The Facts are the Facts. It's Not Economics, It's Union Busting!
As the events unfold in Wisconsin, the truth is emerging concerning the motivation behind Governor Walker's move to repeal collective bargaining for unionized public sector employees. Balancing the budget is the excuse to justify union busting. Jeffrey H. Keefe, Associate Professor of Labor and Employment Relations at the School of Management and Labor Relations, Rutgers University, released a study (February, 2011) using sound comparative methodologies to answer the question, "Are Wisconsin Public Employees Over-Compensated?" The result of the study showed that local and state employees are under-compensated. Comparisons were made considering education, experience, hours of work, organizational size and a number of other factors, showing that state and local employees receive less in compensation (benefits & wages) than comparable private sector employees. The standard earnings quotation shows the results that full-time state and local employees are under-compensated by 8.2%. Here in our own state, Governor Andrew Cuomo can be seen utilizing similar union busting tactics by mounting public media campaigns that pit small business workers who do not receive employer provided health care or pensions against the unionized public sector workers who do. To compare a small business worker against a public sector worker is an unfair and unrealistic comparison. When you accurately compare benefits, differences between private and public employees' compensation costs shrink as the size of the private organization increases. As Keefe's study indicates, the public sector worker is making less than the similar placed worker in private industry.

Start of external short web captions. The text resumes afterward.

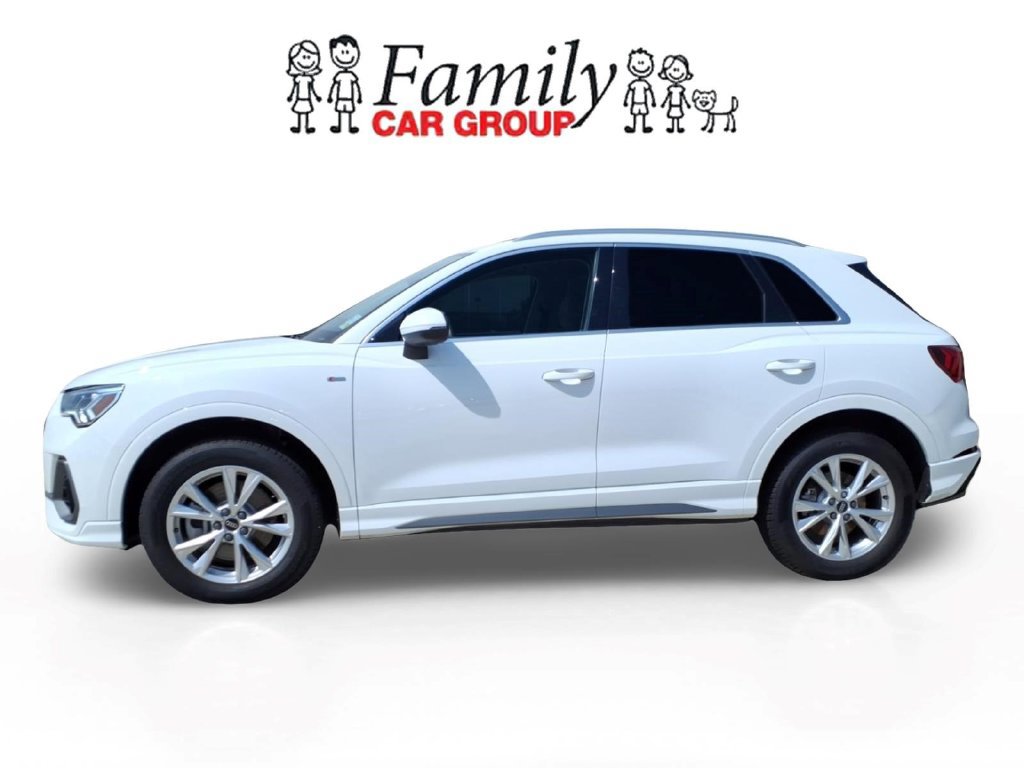 Used 2025 Audi Q3 2.0T Premium w/ Convenience Package AWD/4WD image 2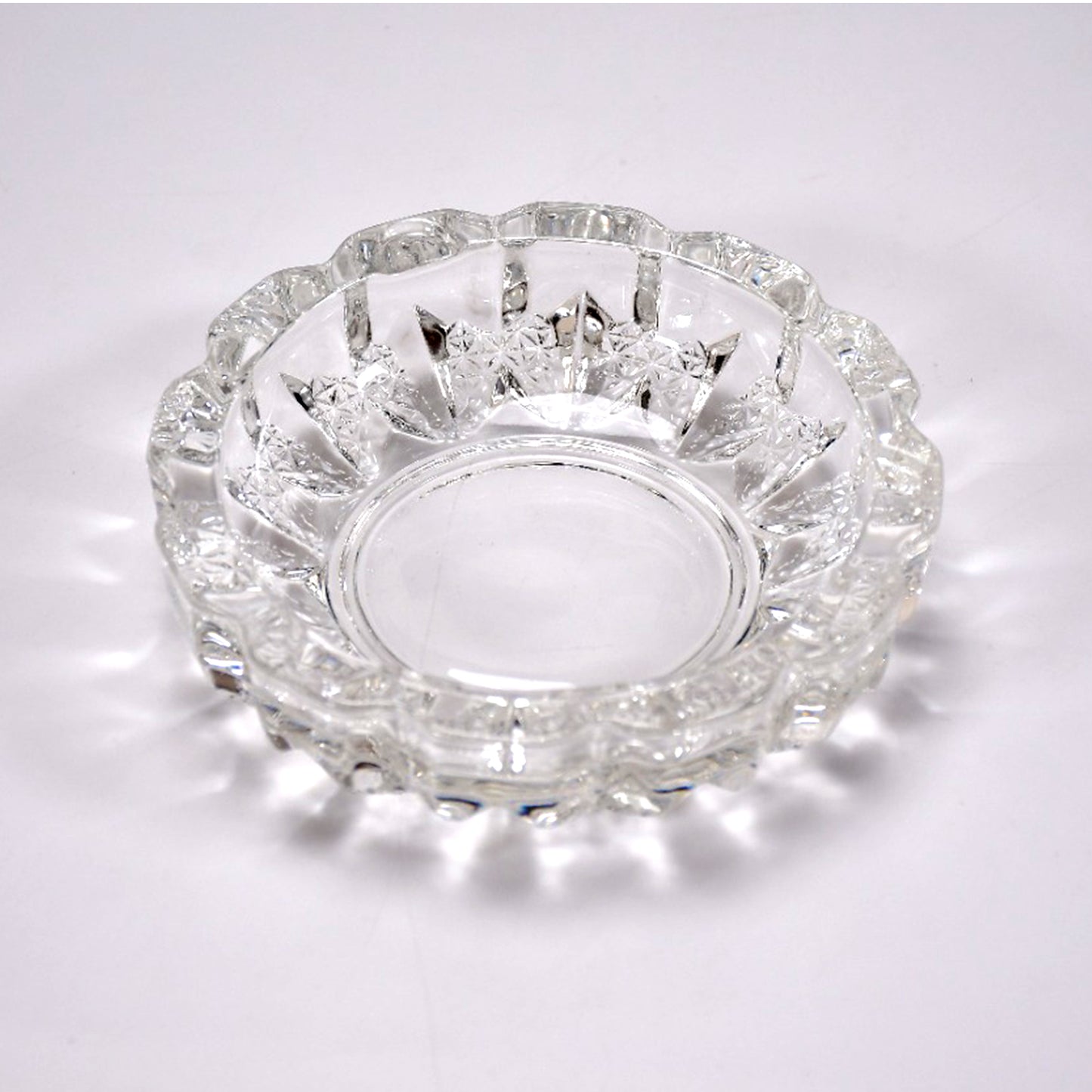 Round Paricutin glass crystal cigar ashtray by Wukusy, perfect for home, office, indoor, or outdoor decor with elegant design.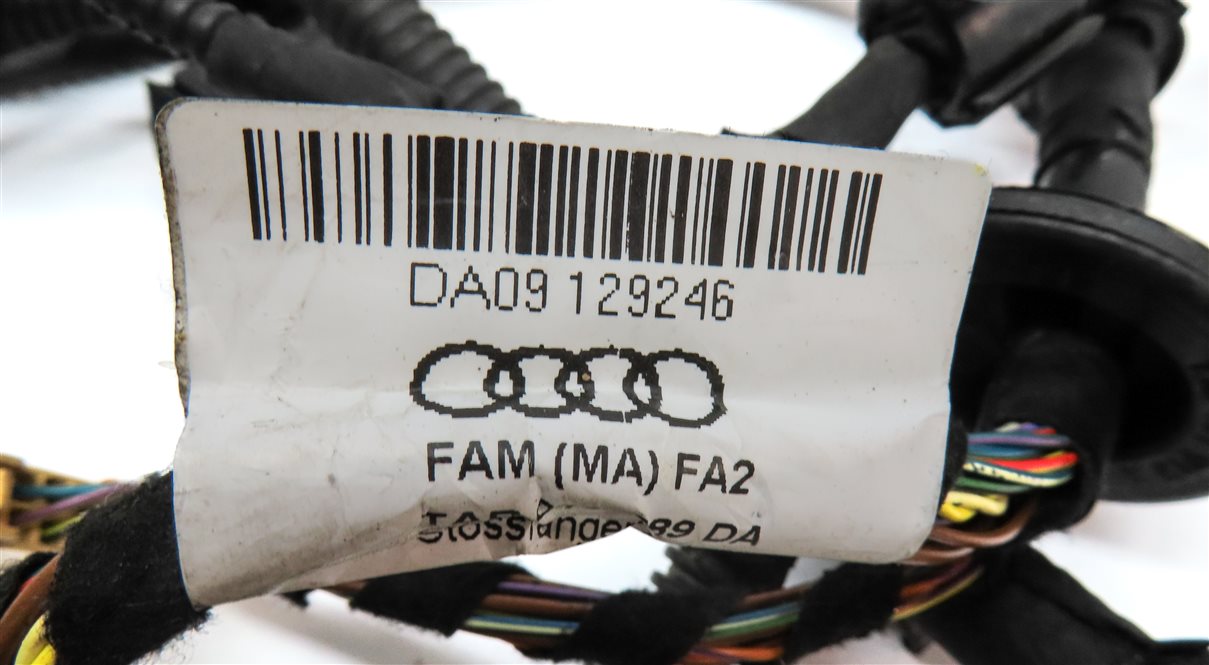 Thumbnail 4: 2018 AUDI Q3 (8U) REAR PDC PARK DISTANCE SENSOR SET w/ HARNESS (Silver)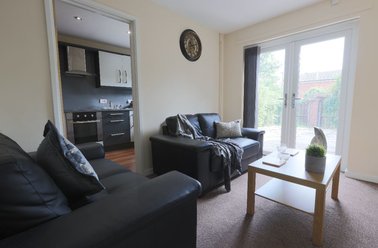 Headford Gardens, Devonshire Green, Sheffield - Image 3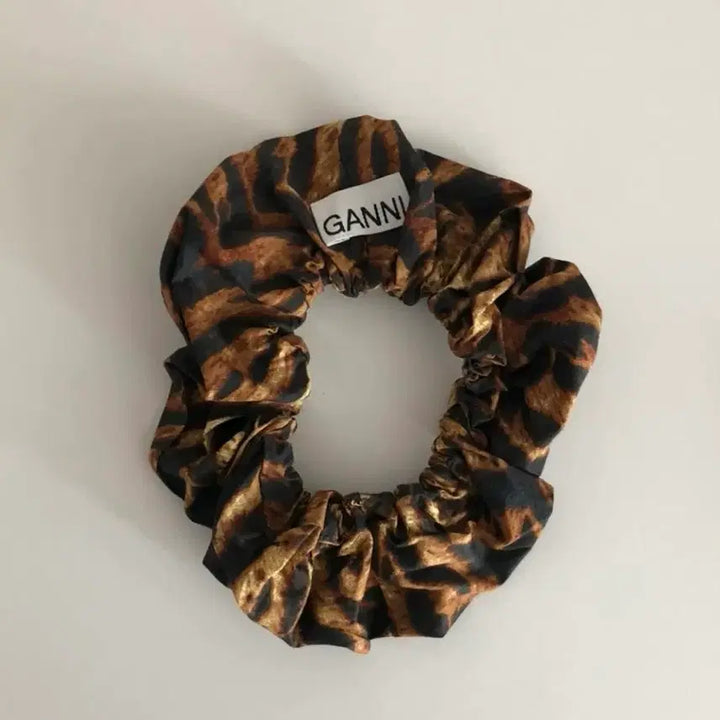 [BUNJANG] GANNI Leopard Scrunchie Hair Tie / GANNI 가니 호피 스크런치 곱창밴드 머리끈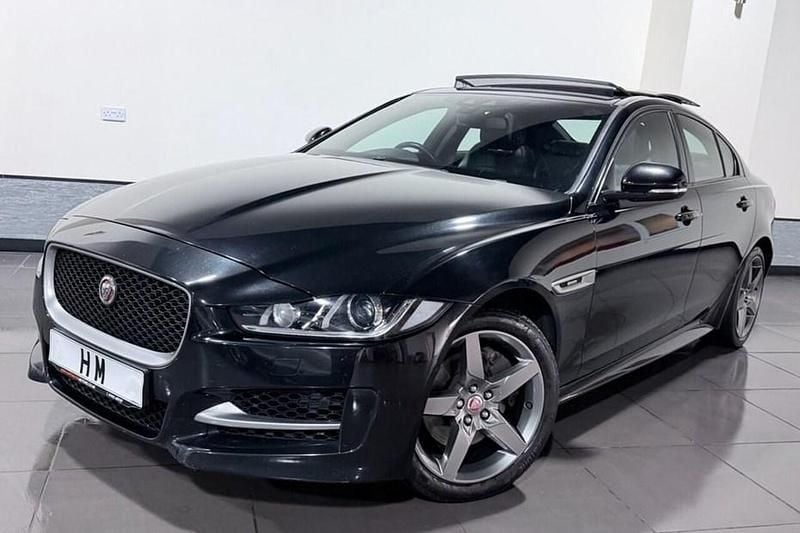 Used Jaguar XE R-Sport 180 HP (132 kW) 2016 Black Sedan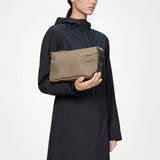 15630 Hilo Wash Bag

What is the answer? The answer is to look at true cost-saving measures to balance state budgets or to use anti-union rhetoric to blame unionized public sector workers for the poor financial state of local and state governments. The sad state of the economy is real, but it is not the result of over-paying unionized public sector employees. The solution is not to end collective bargaining rights of the working class. The answer is to hold our elected officials accountable for over spending, needless waste of public monies, and tax breaks for the rich. When the top 20% of the population has more money than the combined wealth of the rest of the population (80%), the problem is not the working class being overpaid!